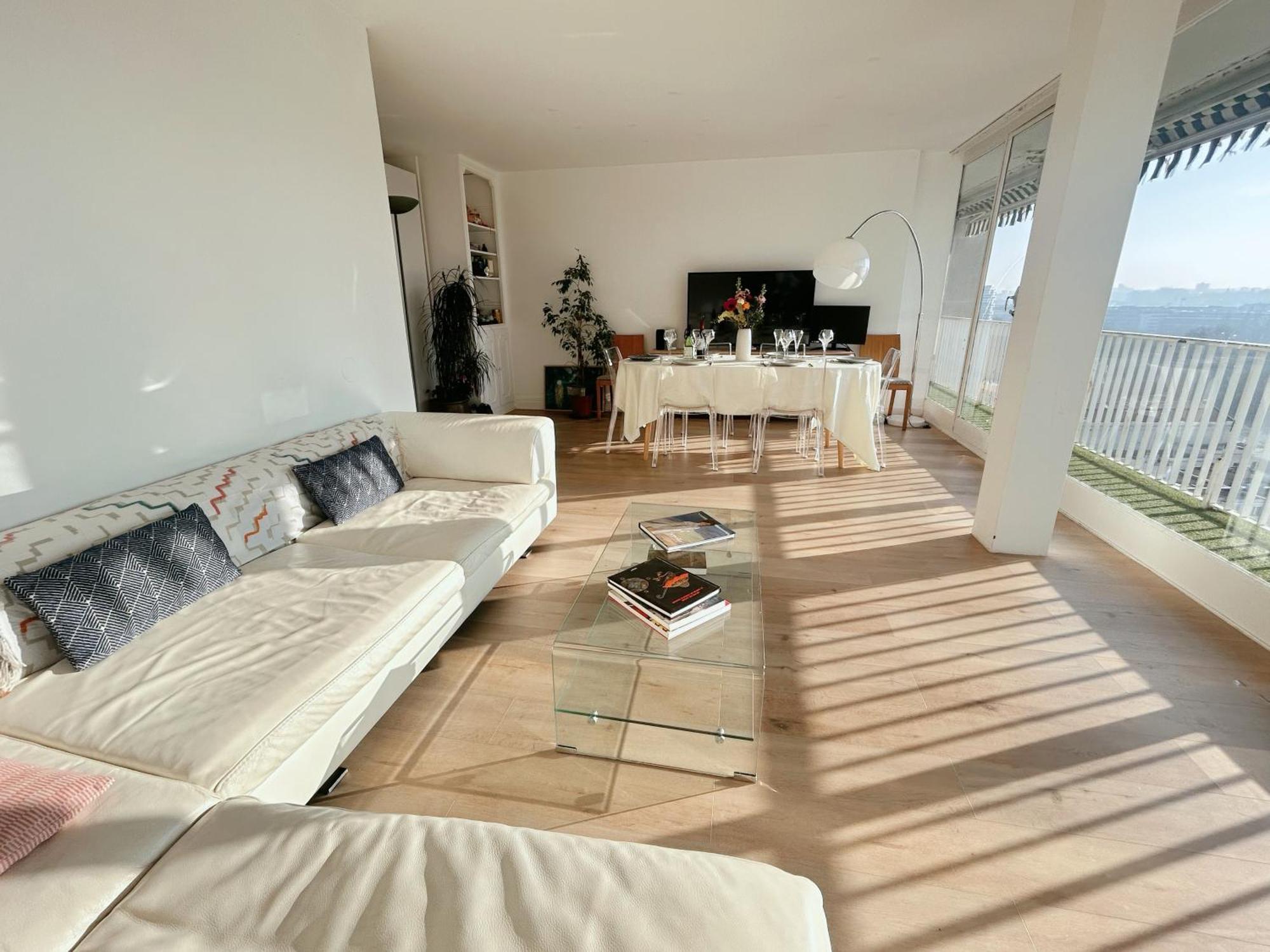 Apart 2 Rooms Sunny Paris Close To Metro Boulogne-Billancourt Exterior foto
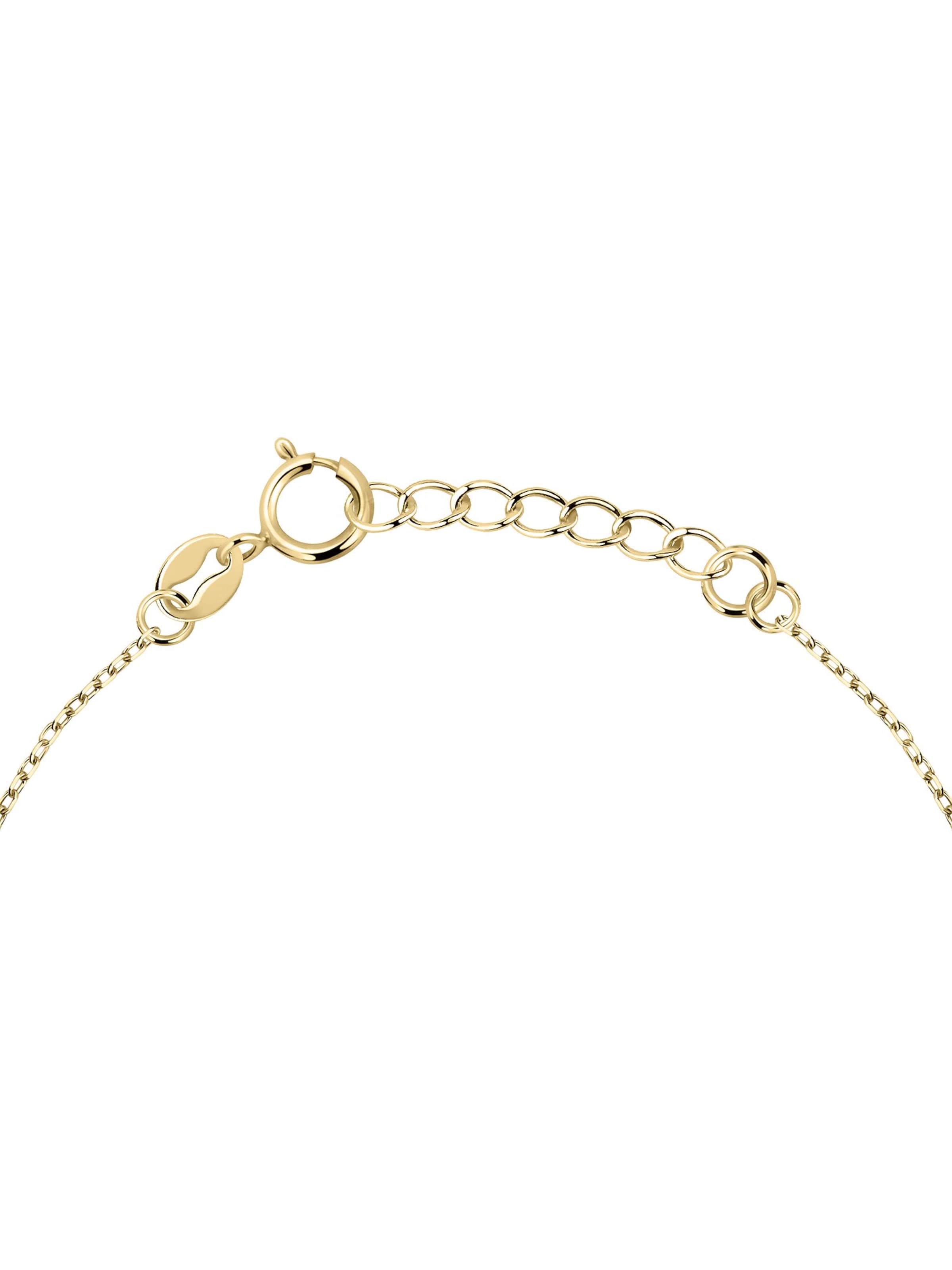 CHRIST Armband in Gold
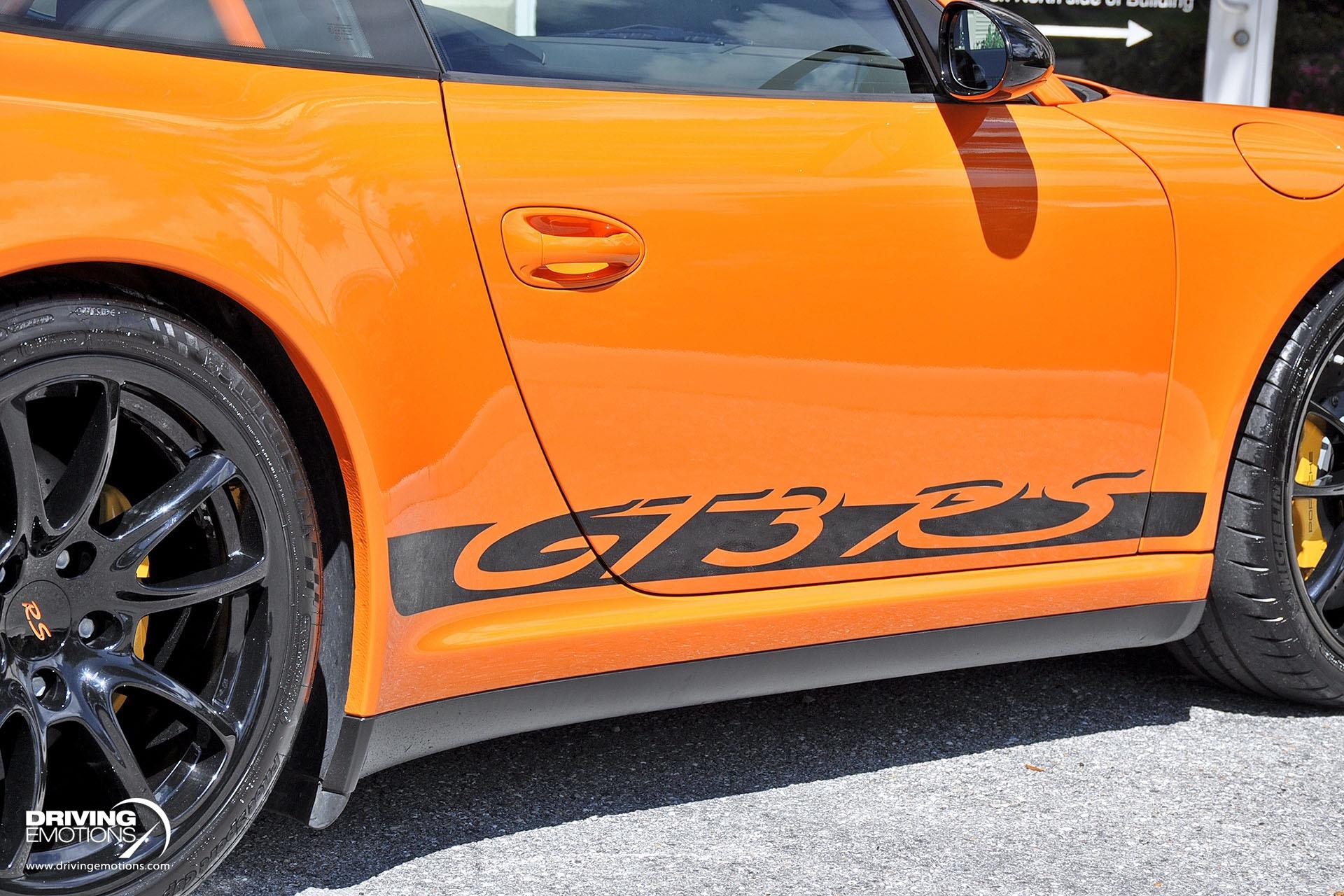Used 2007 Porsche 911 GT3 RS GT3RS CERAMIC BRAKES! COLLECTOR! RARE!! | St. Petersburg, FL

-- Task objective --
An exact copy of the listing is needed, minus its pictures.

-- Task response --
 Apart 2 Rooms Sunny Paris Close To Metro Boulogne-Billancourt Exterior foto
 CHRIST Armband in Gold
Used 2007 Porsche 911 GT3 RS GT3RS CERAMIC BRAKES! COLLECTOR! RARE!! | St. Petersburg, FL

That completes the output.